While the buying in the stock market was concentrated in techs instead of the Dow there was not a flood of cash hitting the markets. There was subtle upward pressure on the Nasdaq but the Dow actually struggled to gain ground most of the day. This is not the picture of a major asset shift out of the bond market. The volume during the day was very light and it did not pickup until the last 30 min of the day. It looked like a standoff with nobody wanting to be the first to step up to the plate. Friday could be a different story if the pattern remains the same.
The Dow closed just below next resistance at 9100 and stronger resistance at 9150. If Europe/Asia trades up overnight on our markets then we could open strongly positive tomorrow. Futures are up in after hours and approaching the highs of the day. It appears the historical first week of July rally is about to take place. The S&P has very strong resistance at 988-990 but then a free pass to 1000. The Nasdaq already broke its corresponding resistance at 1630 today.

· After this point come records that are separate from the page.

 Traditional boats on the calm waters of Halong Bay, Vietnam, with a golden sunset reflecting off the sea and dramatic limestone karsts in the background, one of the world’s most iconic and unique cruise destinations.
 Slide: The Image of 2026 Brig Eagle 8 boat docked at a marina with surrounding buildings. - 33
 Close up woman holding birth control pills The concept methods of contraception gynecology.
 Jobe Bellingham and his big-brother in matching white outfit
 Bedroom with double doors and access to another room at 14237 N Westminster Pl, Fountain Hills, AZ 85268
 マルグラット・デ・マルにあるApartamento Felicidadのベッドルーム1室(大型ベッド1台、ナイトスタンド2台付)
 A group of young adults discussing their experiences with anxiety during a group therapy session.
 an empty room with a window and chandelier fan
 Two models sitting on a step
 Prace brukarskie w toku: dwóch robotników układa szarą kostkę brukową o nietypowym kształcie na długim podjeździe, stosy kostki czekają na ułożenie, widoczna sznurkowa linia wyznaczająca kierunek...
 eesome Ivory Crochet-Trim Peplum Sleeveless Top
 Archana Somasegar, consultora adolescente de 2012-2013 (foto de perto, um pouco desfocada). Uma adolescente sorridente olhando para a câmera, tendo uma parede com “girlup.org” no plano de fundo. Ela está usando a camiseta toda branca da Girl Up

What is powering this is the end of quarter and end of half cash from retirement contributions and the cash moving out of the bond market. This inflow into stocks should last another week and peak around July 7th-10th. If you read my Tuesday market wrap then you know what I am expecting. I suggest you do so because it is critical you understand the historical trends in our near future.
The game plan for the next week should be to go long the market over SPX 990 and stay long until the 10th. This assumes the July historical trends I discussed on Tuesday remain in place. The S&P bounced off its lower uptrend support today and could actually move up to 1050 before July 10th. It will not be an easy road but if the July trend remains in place it is not impossible. 1010-1015 is going to be monster resistance but if the bond bulls turn into bond bears that cash has got to go somewhere.
SPX Chart - Daily
SPX Chart - 30 min
Before you think I have lost my mind I suggest you read my Tuesday wrap. The historical trends are clear and the bond market is poised to release a lot of cash if the selling continues. The drop in bonds today pushed them to a seven week low. There is probably a lot of number crunching underway tonight in bond rooms around the country. IF and I repeat IF in capital letters, the bonds continue bearish and that cash adds to the retirement flood over the next week we COULD have a very strong market. Did I qualify that enough? We are poised to repeat the normal July trend. That does not mean highly profitable funds will not sell into the trend to capture profits since the trend is so well defined. Either way the second trend beginning after the 10th is probably alive and well so be prepared.
Enter Very Passively, Exit Very Aggressively!